**WHAT IS BEING ASKED**
Print the records below exactly, from the line containing "[아이언 로맨스] 초기열전 건버스터 원형 원페스 2026 여름 전시 사진 2" down to the line containing "Hajdar al Abadi, iraški premier", both lines included, and omit every picture.

**PROVIDED DATA**
━━━

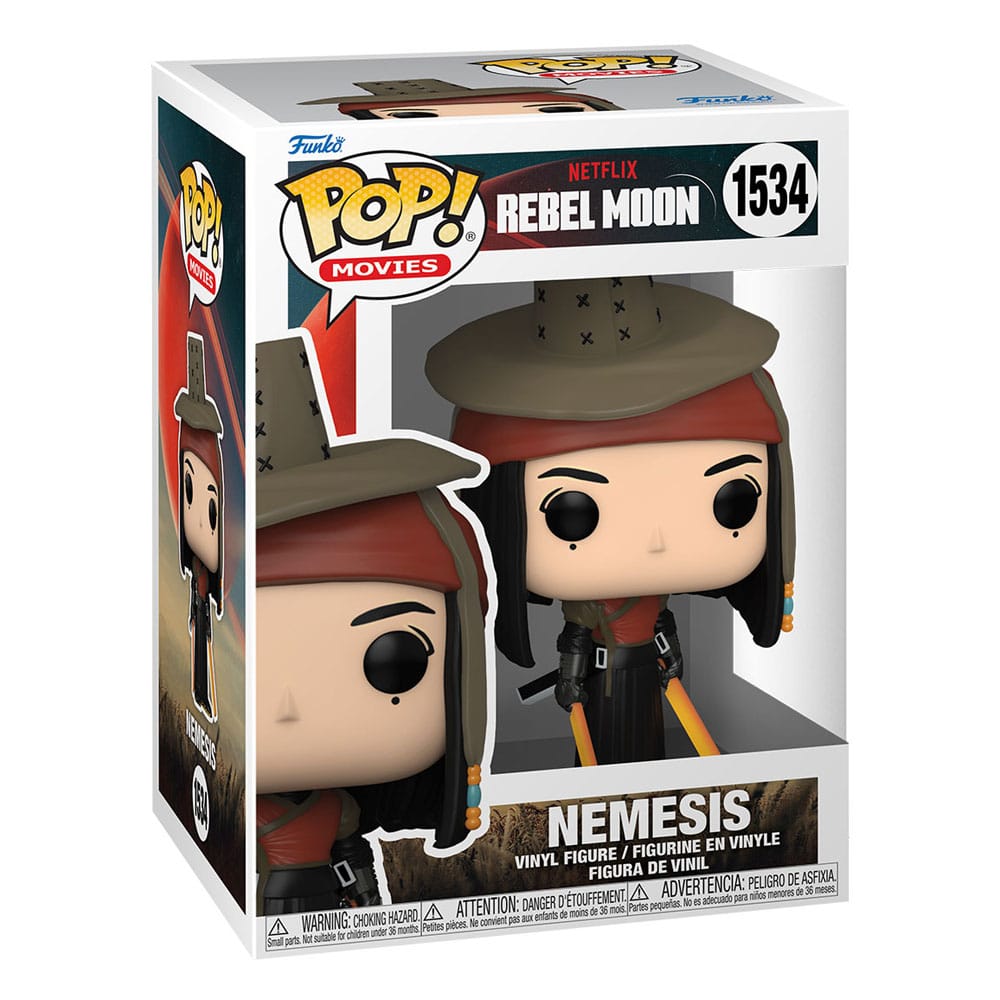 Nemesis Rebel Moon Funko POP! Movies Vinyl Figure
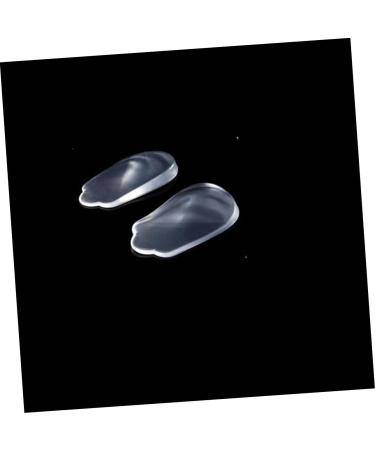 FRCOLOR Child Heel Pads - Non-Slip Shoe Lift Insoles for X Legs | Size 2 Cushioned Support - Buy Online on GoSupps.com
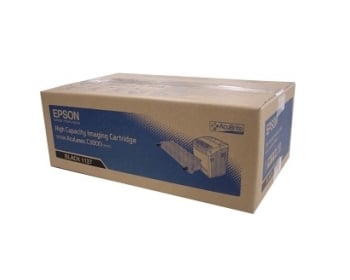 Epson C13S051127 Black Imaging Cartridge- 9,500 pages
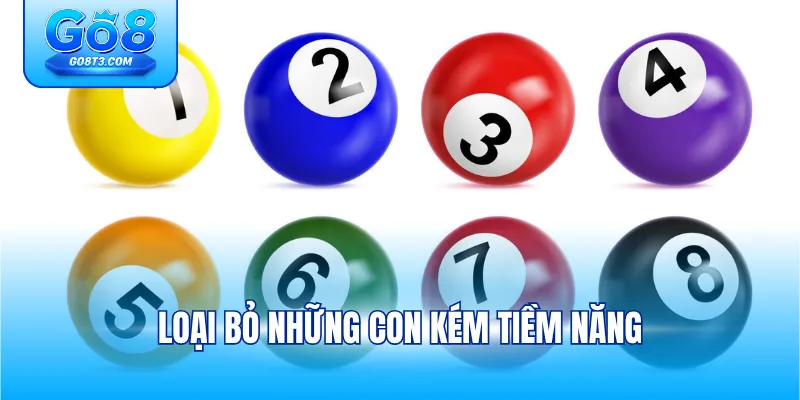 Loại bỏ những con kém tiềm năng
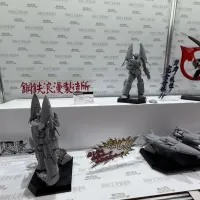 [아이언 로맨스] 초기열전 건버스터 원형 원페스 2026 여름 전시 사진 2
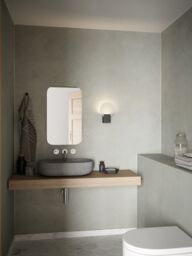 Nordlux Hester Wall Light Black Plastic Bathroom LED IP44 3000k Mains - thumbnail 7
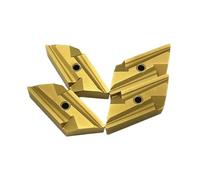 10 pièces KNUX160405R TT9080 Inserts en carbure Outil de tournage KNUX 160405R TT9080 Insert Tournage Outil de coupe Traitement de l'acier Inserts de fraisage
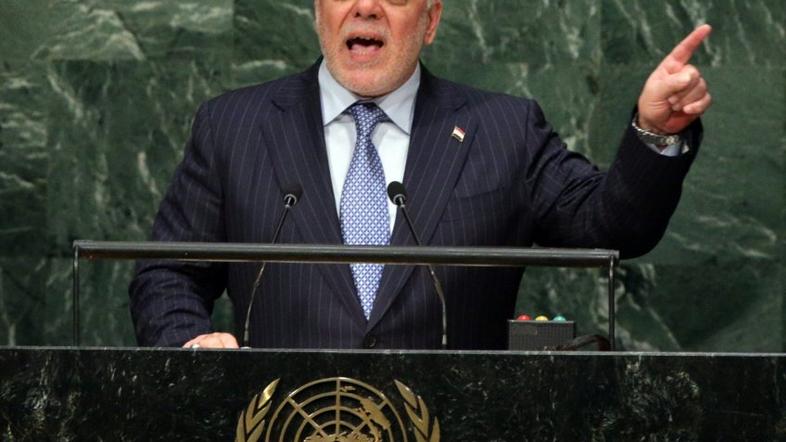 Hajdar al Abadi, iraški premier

━━━

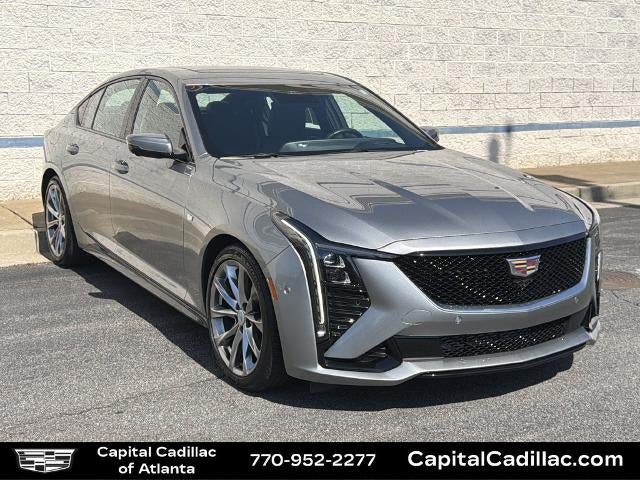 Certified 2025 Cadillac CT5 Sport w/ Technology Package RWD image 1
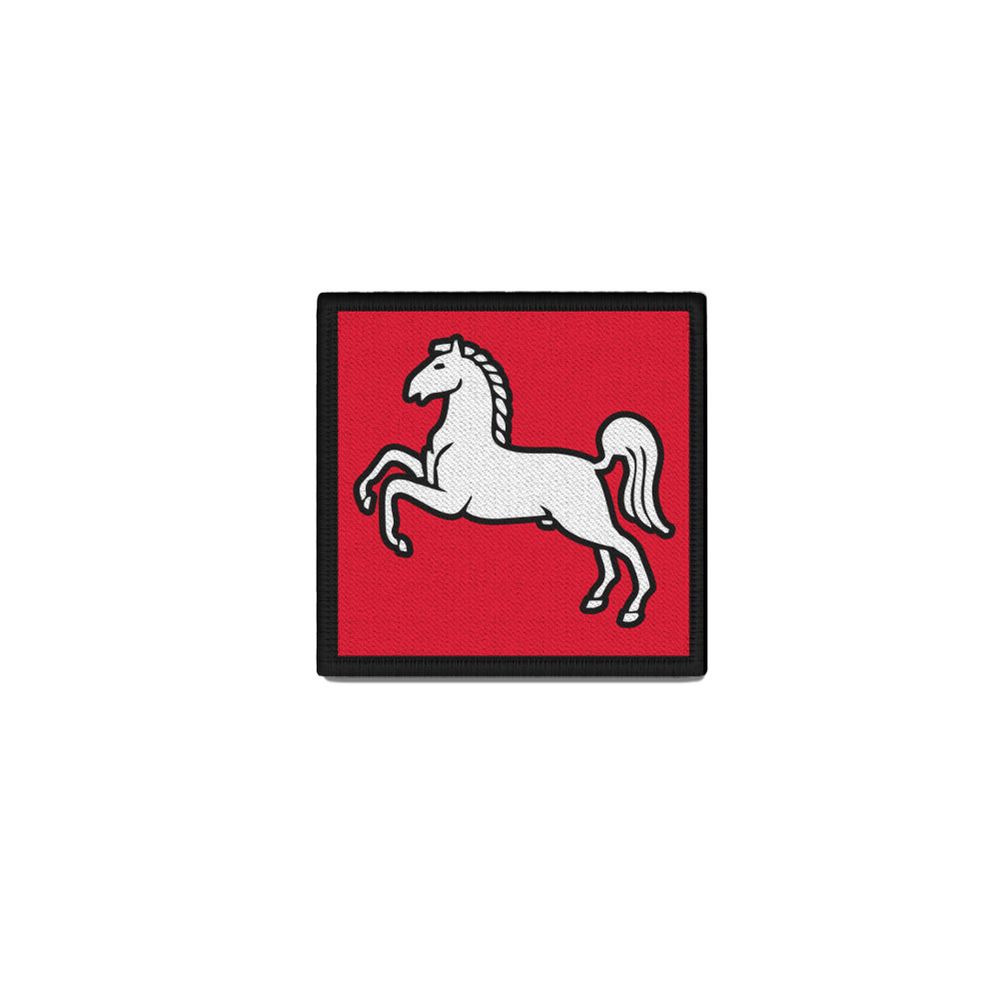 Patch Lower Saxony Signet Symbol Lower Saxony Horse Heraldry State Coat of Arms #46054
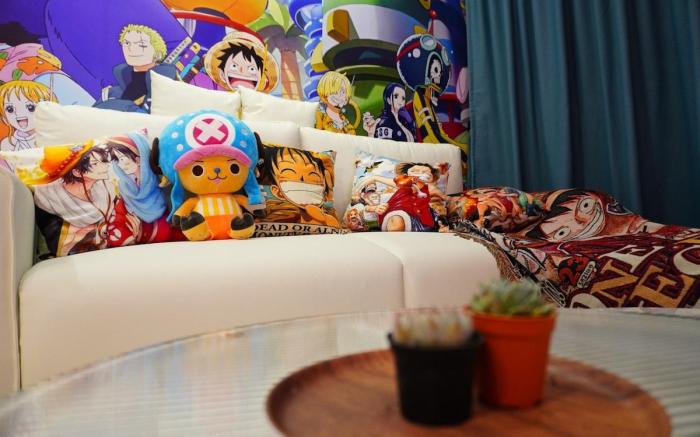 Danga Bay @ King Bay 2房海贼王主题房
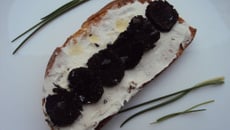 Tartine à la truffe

━━━

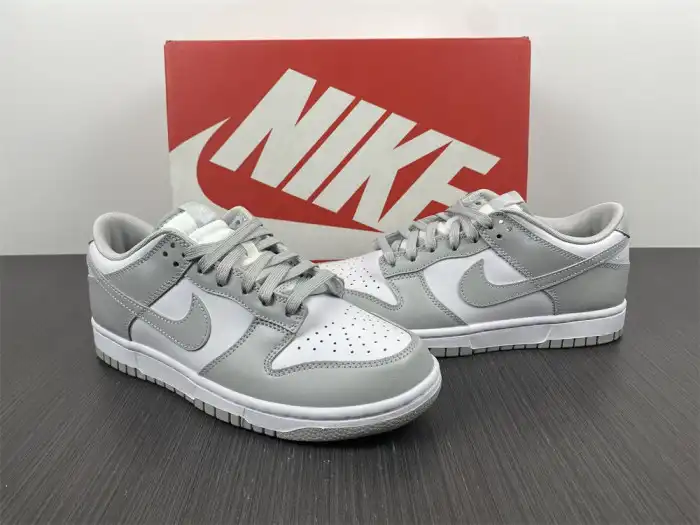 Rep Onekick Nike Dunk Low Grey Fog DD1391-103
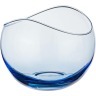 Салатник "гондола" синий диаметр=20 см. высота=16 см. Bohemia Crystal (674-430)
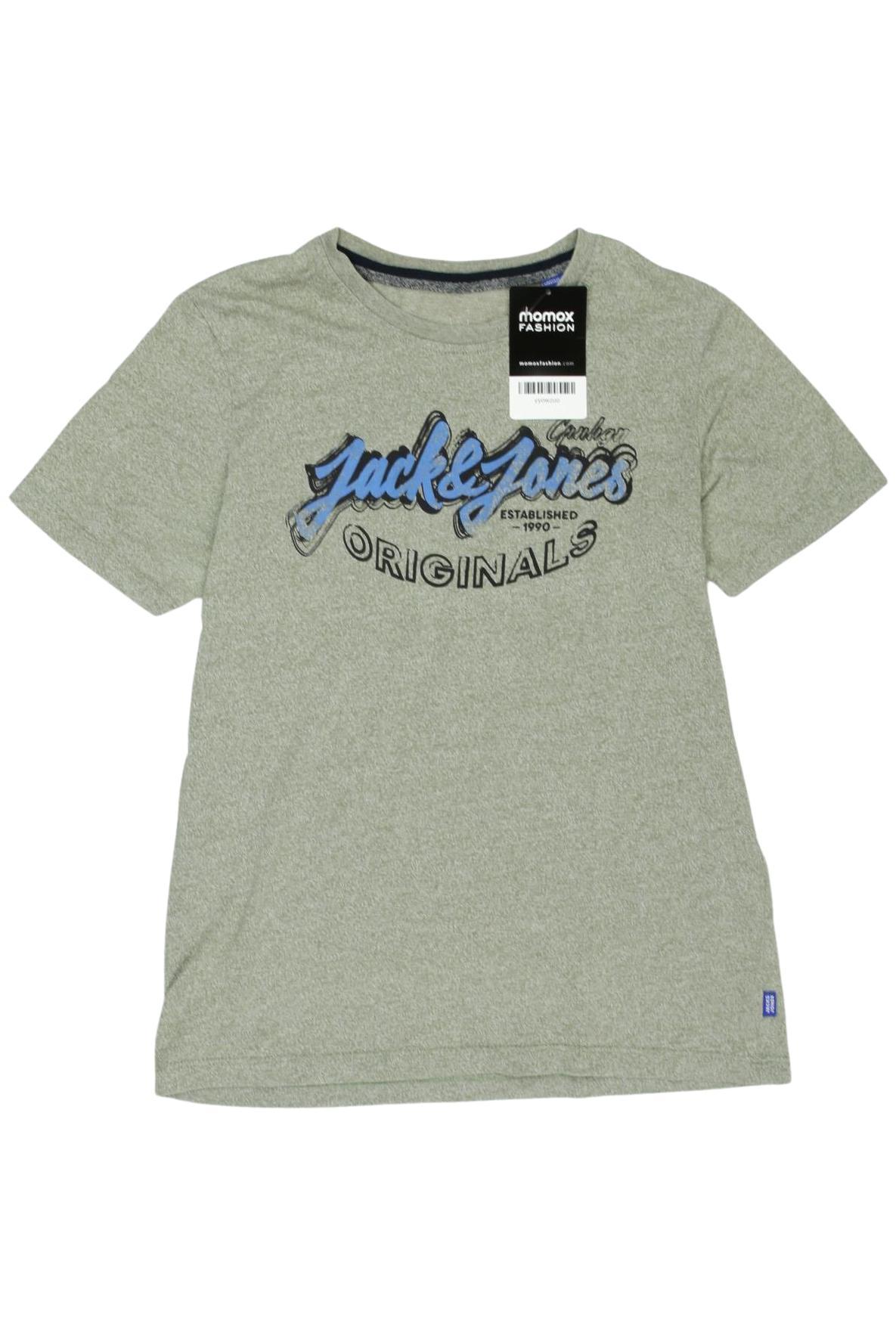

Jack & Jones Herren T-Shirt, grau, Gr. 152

━━━

**REPLY**
 [아이언 로맨스] 초기열전 건버스터 원형 원페스 2026 여름 전시 사진 2
 Nordlux Hester Wall Light Black Plastic Bathroom LED IP44 3000k Mains - thumbnail 7
 10 pièces KNUX160405R TT9080 Inserts en carbure Outil de tournage KNUX 160405R TT9080 Insert Tournage Outil de coupe Traitement de l'acier Inserts de fraisage
 Hajdar al Abadi, iraški premier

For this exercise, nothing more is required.